L’affaire de Villeurbanne met en lumière un paradoxe judiciaire : certaines convictions semblent mieux protégées que d’autres.

En France, on ne peut pas brûler un Coran… mais on peut brûler une Bible : Deux poids, deux mesures ?

SOCIETE

Villeurbanne, juin 2025. Un jeune homme de 27 ans, frêle silhouette sous la lumière blafarde d’un lampadaire, se tient face à la mosquée Errahma. Dans ses mains, un livre — qu’il ne lit pas, mais qu’il observe fixement, comme s’il affrontait un monument. Ce livre, c’est le Coran. Et dans un geste aussi brutal que symbolique, il le jette au sol et y met le feu. La scène, filmée et partagée, provoque un tollé immédiat.
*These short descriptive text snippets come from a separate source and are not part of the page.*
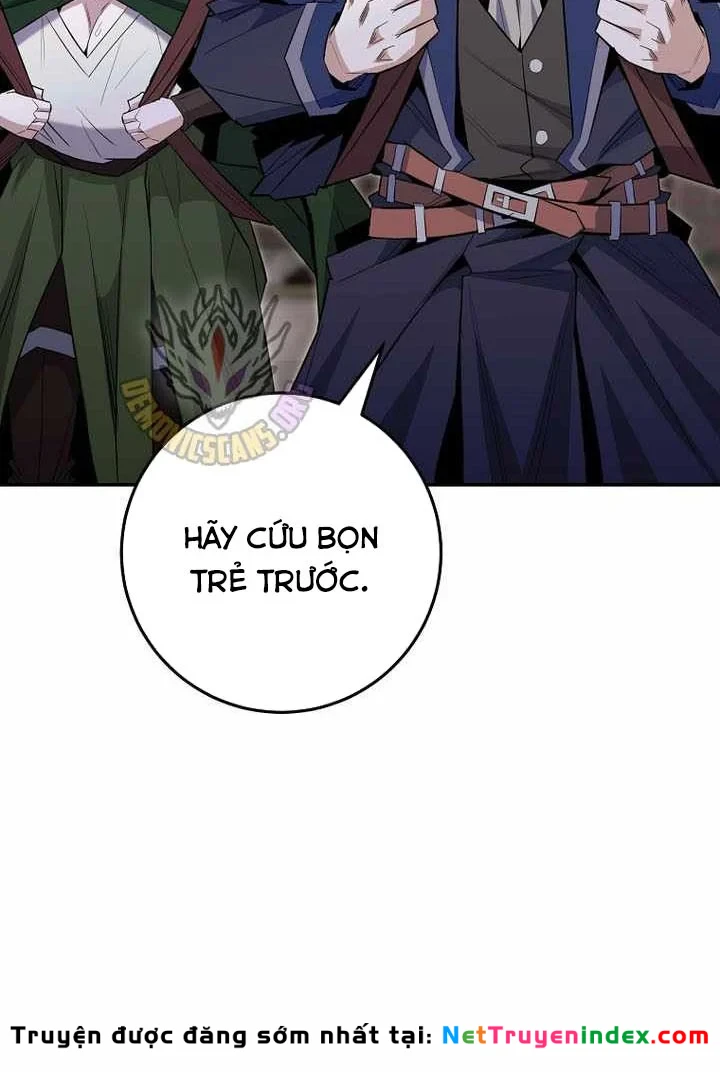 Chuyển Sinh Thành Thiên Tài Xuất Chúng Của Danh Môn Thế Gia Chapter 87 - 80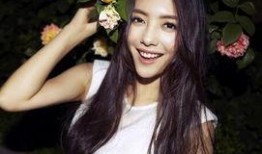 娱乐圈真实爆料蔡文静,娱乐圈背后的真实故事揭秘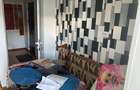 Inchiriez apartament 2camere zona Mihai Bravu ,zona Lidl - 4
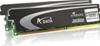 V-DATA  DDR3  1GB 1066 PC2-8500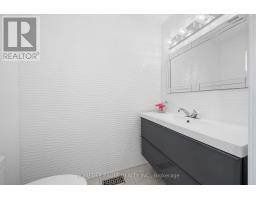 304 Firglen Ridge, Vaughan, ON L4L1N7 Photo 14
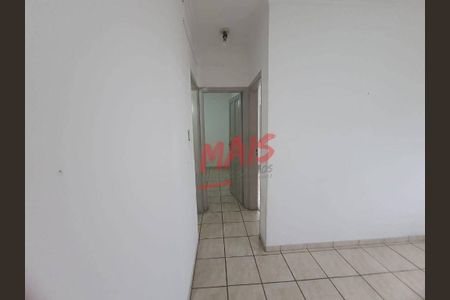 8_photo/94ce0239ab.5ec6f8e3264d6291-ATLAS-2dfb1afc-2358-4e46-a9d9-2208d36875f2.jpg de apartamento à venda com 2 quartos, 55m² em Aparecida, Santos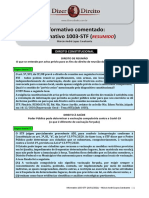 Info-1003-Stf-Resumido - OK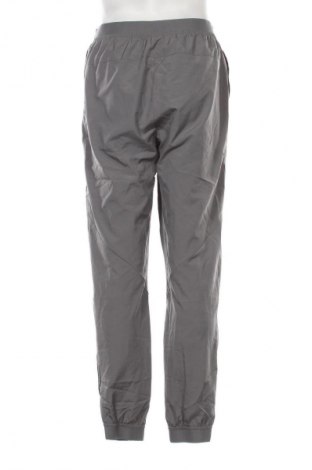 Pánske tepláky Adidas, Veľkosť L, Farba Sivá, Cena  28,95 €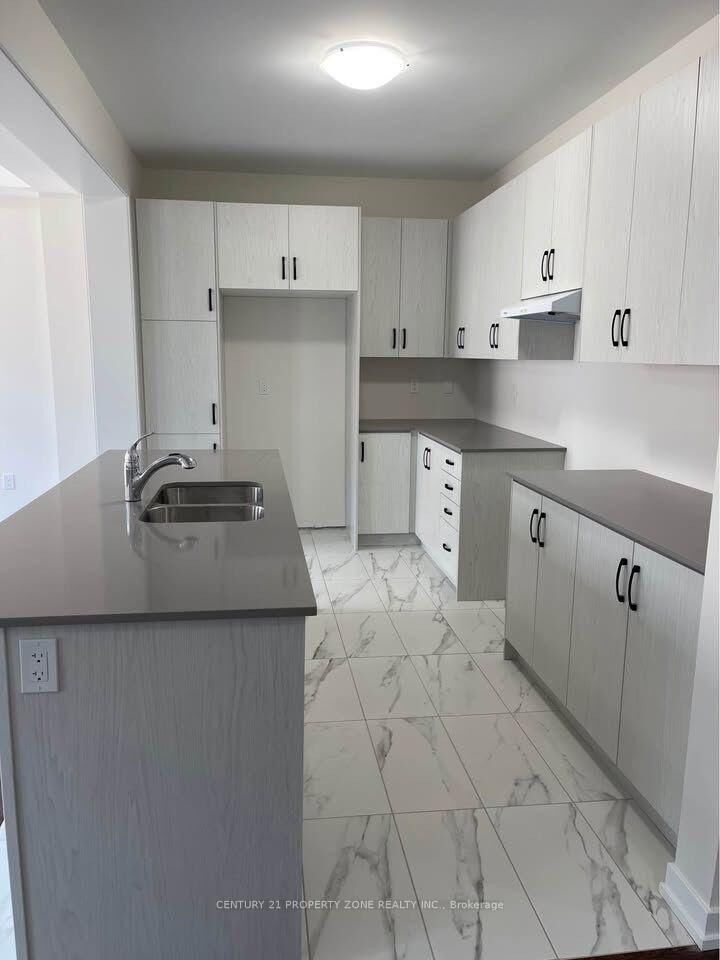 Property Photo:  15 Stanley Leitch Drive  ON N0B 1T0 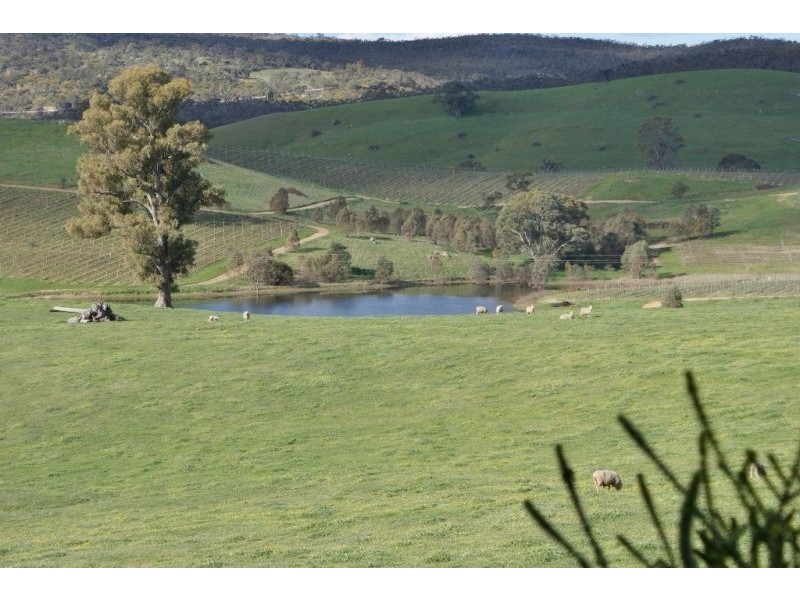 Kersbrook SA 5231 McGlone Real Estate Withdrawn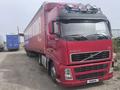 Volvo  FH 2008 года за 24 000 000 тг. в Жаркент – фото 2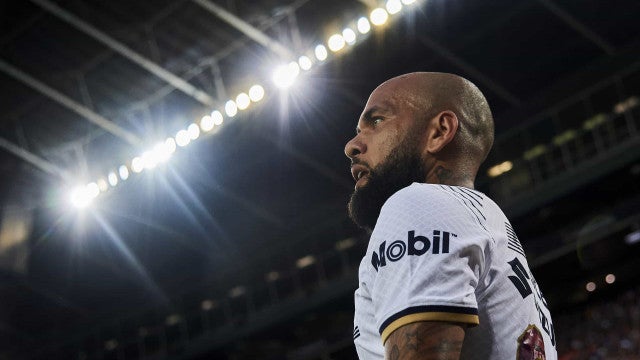 Prima de suposta vítima de Daniel Alves revela: "Ele a machucou muito"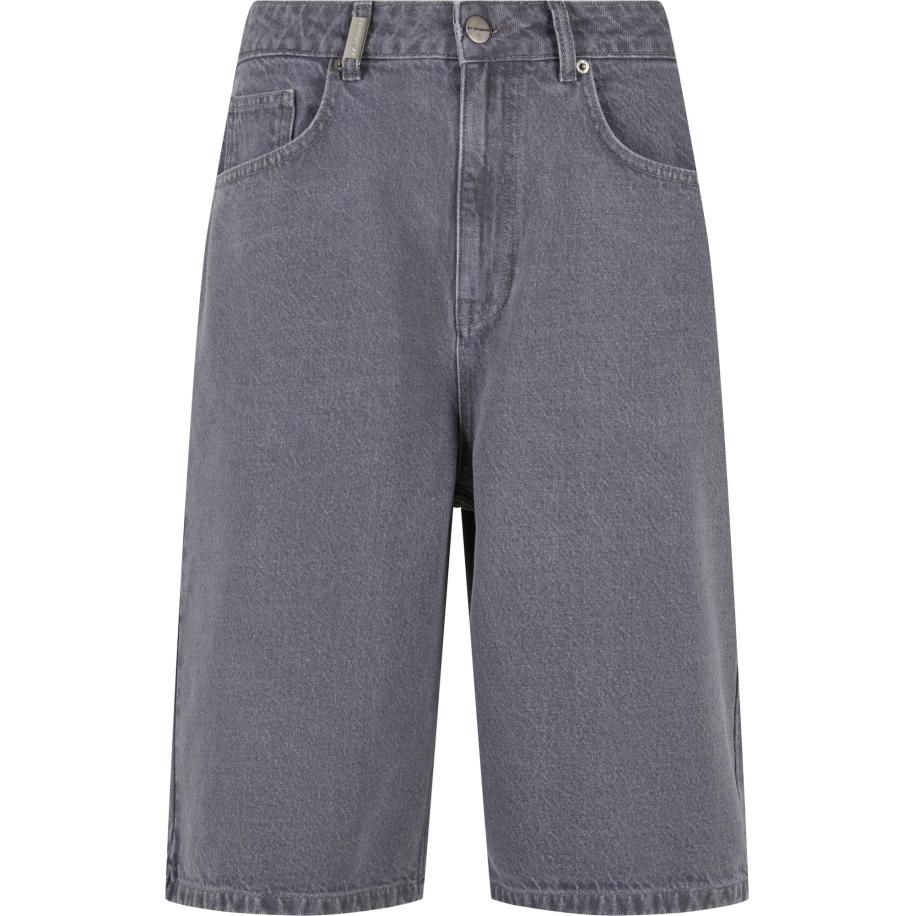 2Y Studios 2Y Studios Jeans Junan grey denim -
Interpellé rapidement, il est jugé en comparution immédiate. Le verdict tombe comme une lame : Un an de prison ferme, dont trois mois avec sursis, et deux ans d’interdiction de paraître à Villeurbanne. Le chef d’accusation est clair : « dégradation commise en raison de la religion d’autrui« .

La presse relaye sobrement la décision, soulignant l’état mental de l’accusé, sous curatelle renforcée depuis deux ans. La justice, elle, se veut exemplaire.
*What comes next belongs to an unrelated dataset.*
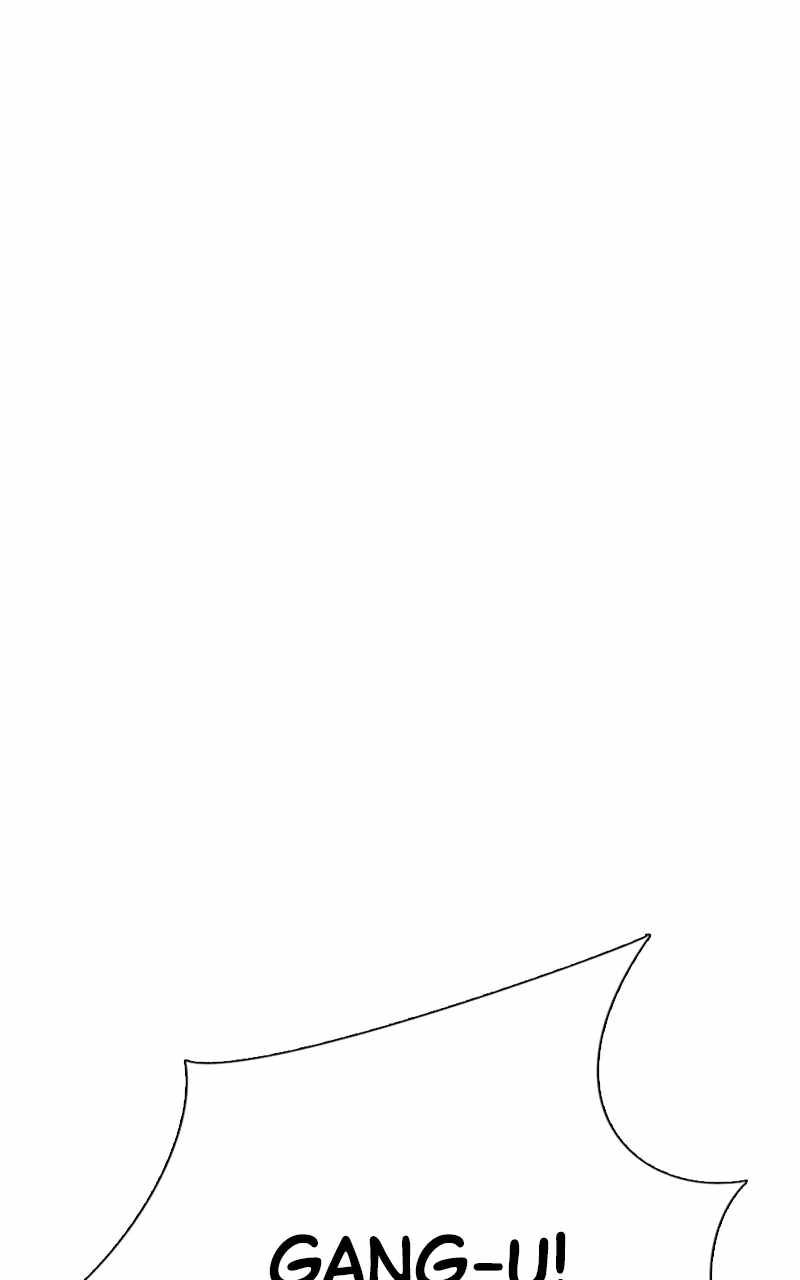 Real World Mobile Chapter 92 - Page 127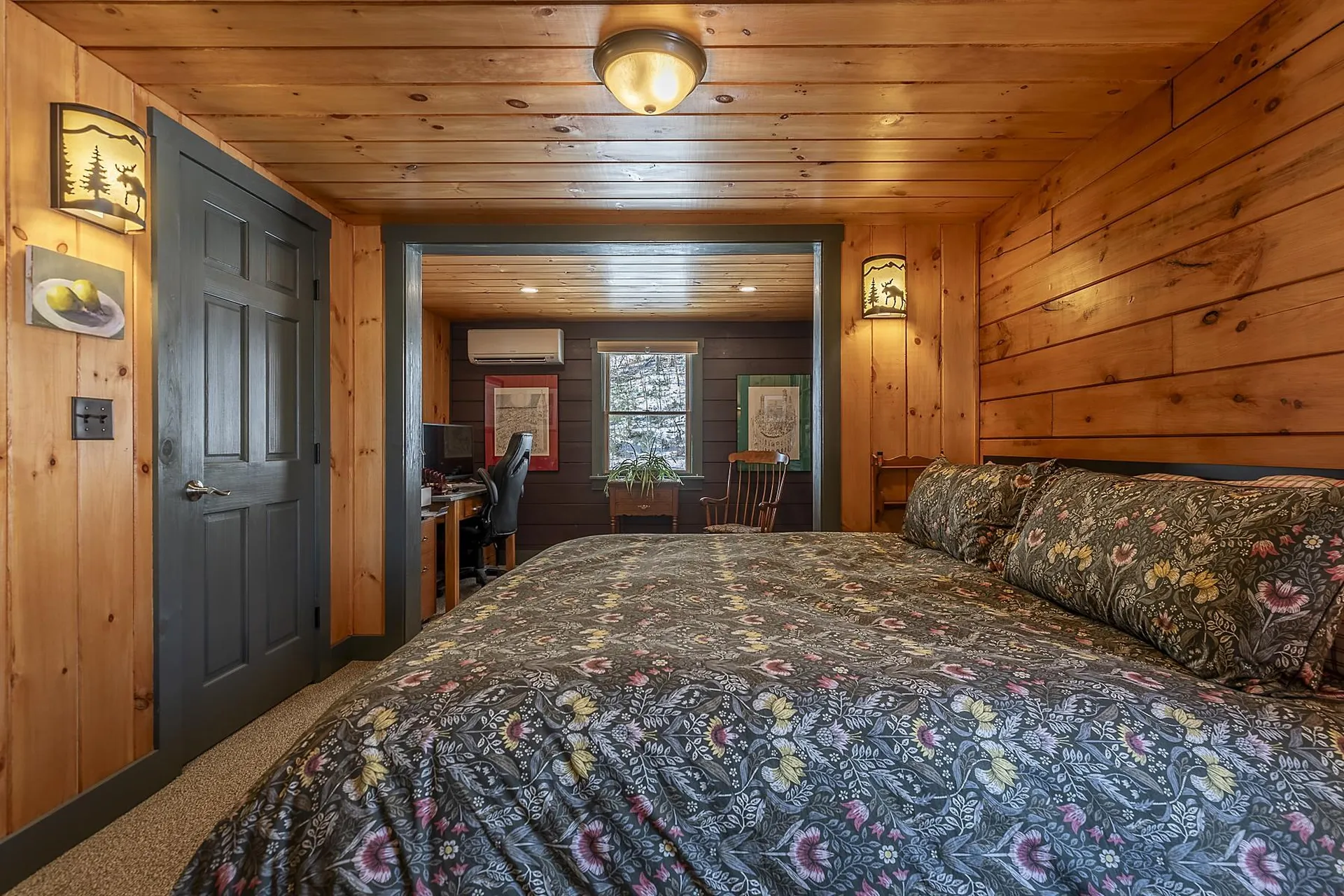 531 Quechee Road Hartland VT 05048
Mais une question jaillit presque aussitôt des tréfonds du débat public : Qu’aurait-il risqué s’il avait brûlé une Bible ? Ou une Torah ?
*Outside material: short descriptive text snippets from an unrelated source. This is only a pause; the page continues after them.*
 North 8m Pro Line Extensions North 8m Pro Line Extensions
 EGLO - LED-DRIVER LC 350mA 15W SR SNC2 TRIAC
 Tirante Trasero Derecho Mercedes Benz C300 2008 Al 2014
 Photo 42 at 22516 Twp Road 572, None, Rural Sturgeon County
Quand brûler un livre devient un crime… ou non

En France, le blasphème n’est pas un délit. C’est une constante juridique depuis la Révolution française et la loi de 1881 sur la liberté de la presse. Pourtant, les jugements en matière de provocations à caractère religieux varient. Ce n’est pas le livre lui-même qu’on protège, mais l’intention derrière l’acte : Trouble à l’ordre public, incitation à la haine, stigmatisation d’un groupe.

Ainsi, brûler un Coran devant une mosquée peut être jugé comme un acte d’incitation à la haine religieuse, un outrage collectif à la foi musulmane. Mais qu’en est-il des autres textes sacrés ?

En 2014, à Rennes, un homme avait brûlé une Bible sur la voie publique pour protester contre une décision de justice. L’affaire fut classée sans suite. À Paris, une performance artistique avait mis en scène la destruction d’une Bible. Pas de plainte. Pas de prison.

Et lorsqu’un « Jésus en slip rose » avait été cloué sur une croix géante en plastique dans une galerie d’art à Avignon, c’est au nom de la liberté artistique que les juges avaient tranché.

Des jurisprudences à géométrie variable

La justice française se défend de toute partialité. Mais dans les faits, les décisions varient selon la religion visée. L’islam semble bénéficier d’une forme de protection judiciaire accrue, au nom de la paix sociale et de la sensibilité communautaire.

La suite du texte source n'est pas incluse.